TASK ITEM: Starting at the line that holds "Dana Light I (DL) - Residential", quote every line through the end of the records, both boundary lines included. Omit the pictures.

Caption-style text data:
————
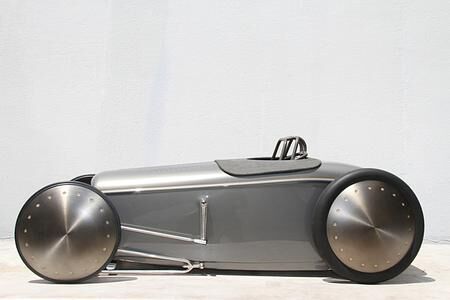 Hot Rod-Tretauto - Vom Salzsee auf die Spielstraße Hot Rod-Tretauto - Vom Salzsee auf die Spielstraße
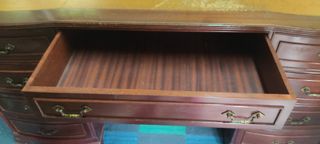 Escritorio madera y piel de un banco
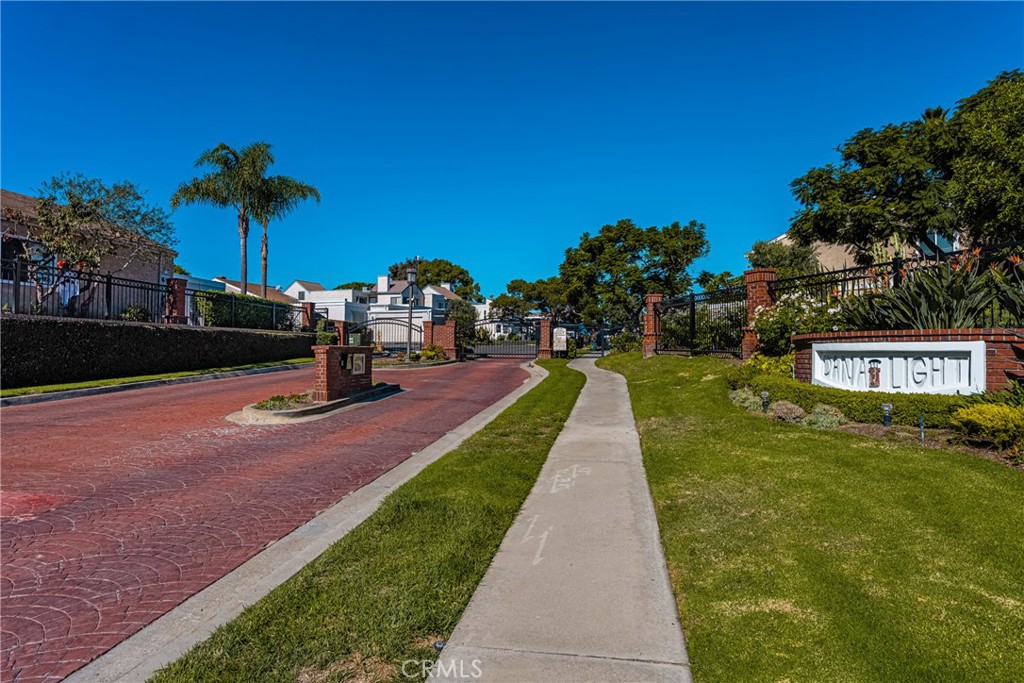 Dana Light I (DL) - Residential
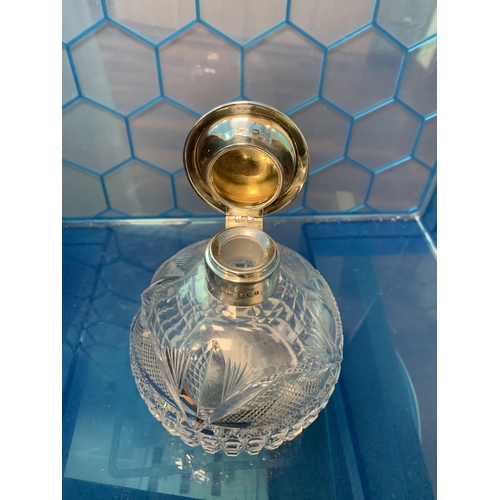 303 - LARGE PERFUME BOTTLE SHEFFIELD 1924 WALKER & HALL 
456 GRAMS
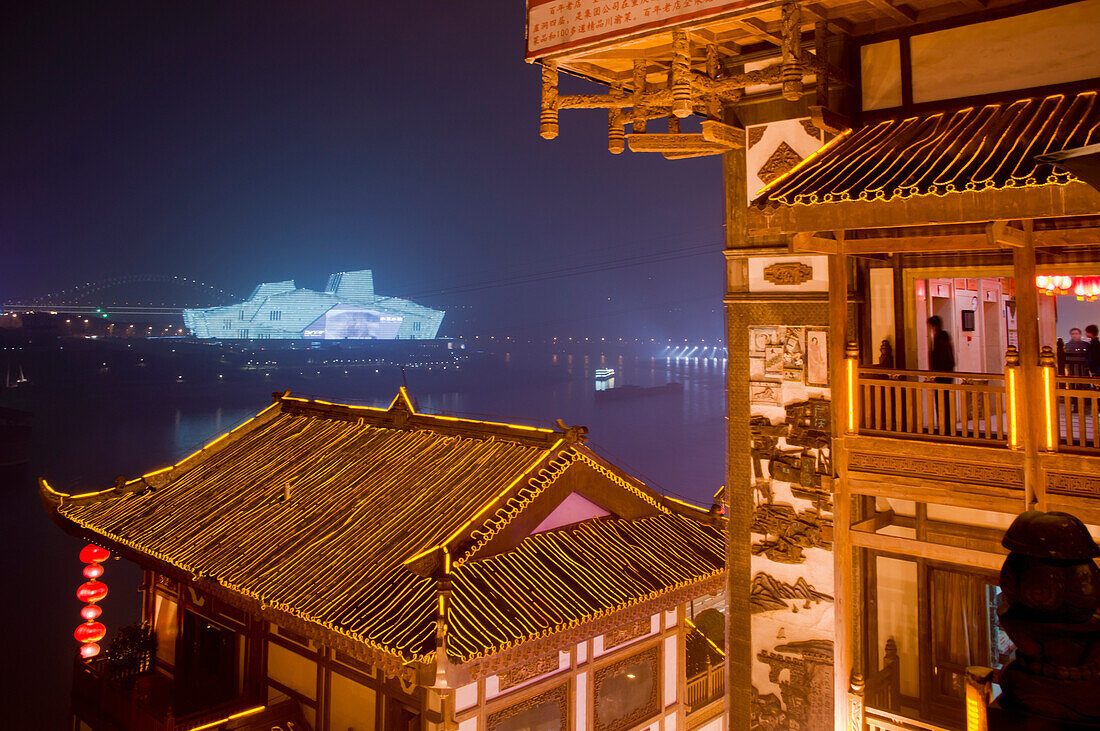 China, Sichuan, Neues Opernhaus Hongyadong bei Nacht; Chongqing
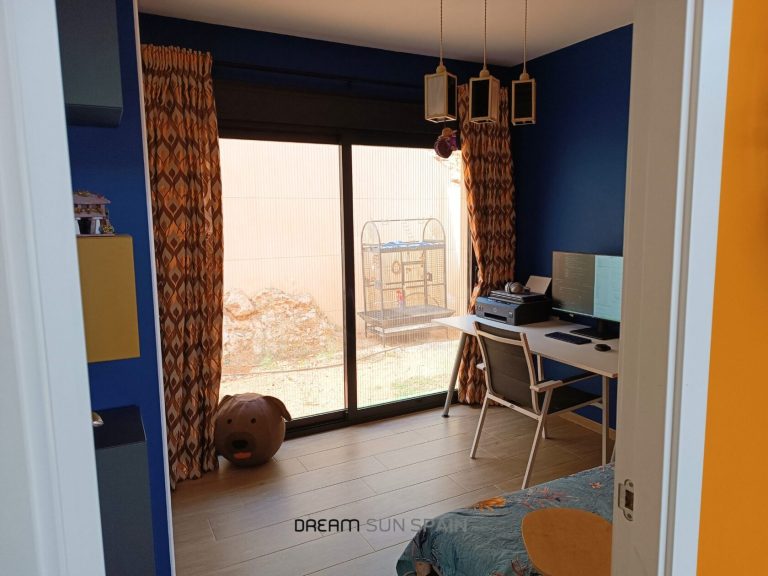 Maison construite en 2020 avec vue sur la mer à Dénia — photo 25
————
EXERCISE RESULT:
 Dana Light I (DL) - Residential
 303 - LARGE PERFUME BOTTLE SHEFFIELD 1924 WALKER & HALL 
456 GRAMS
 China, Sichuan, Neues Opernhaus Hongyadong bei Nacht; Chongqing
 Maison construite en 2020 avec vue sur la mer à Dénia — photo 25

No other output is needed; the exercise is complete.